Task description: Without including the pictures, copy out every line below.

======== Data below

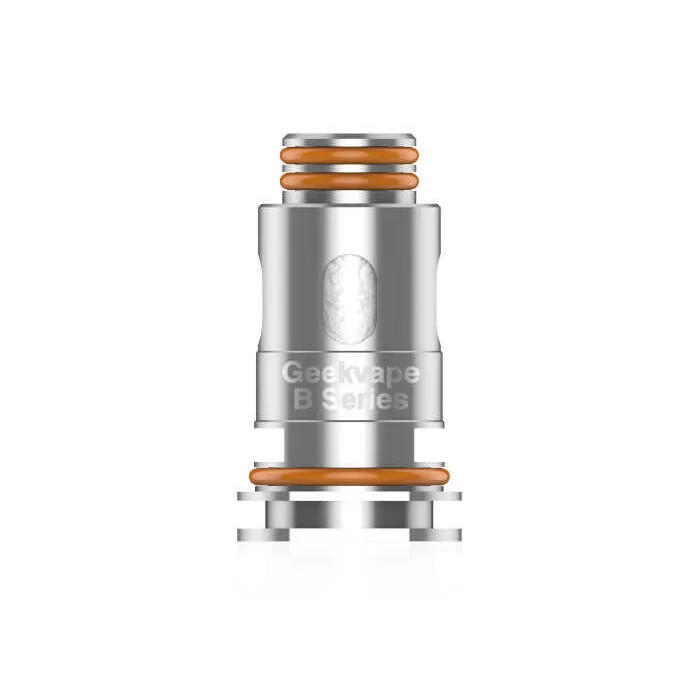 Geekvape B06 0,6 Ohm Mesh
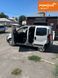 Fiat Fiorino, 2019 р., Бензин, 43 тис. км, Універсал, Сірий, Запоріжжя AT-10420306 фото 10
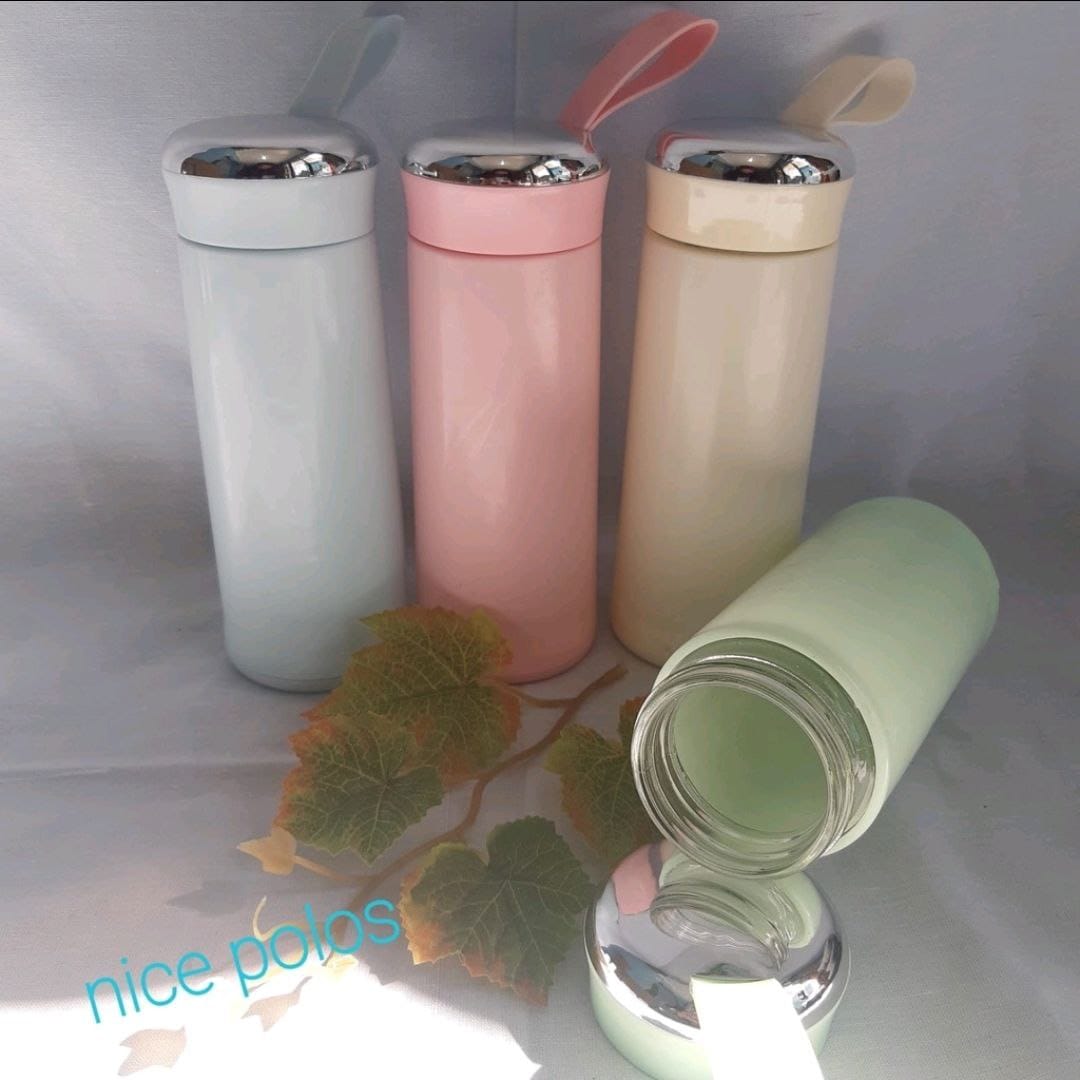 Botol minum nice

================

Exercise response:
 Geekvape B06 0,6 Ohm Mesh
 Fiat Fiorino, 2019 р., Бензин, 43 тис. км, Універсал, Сірий, Запоріжжя AT-10420306 фото 10
 Botol minum nice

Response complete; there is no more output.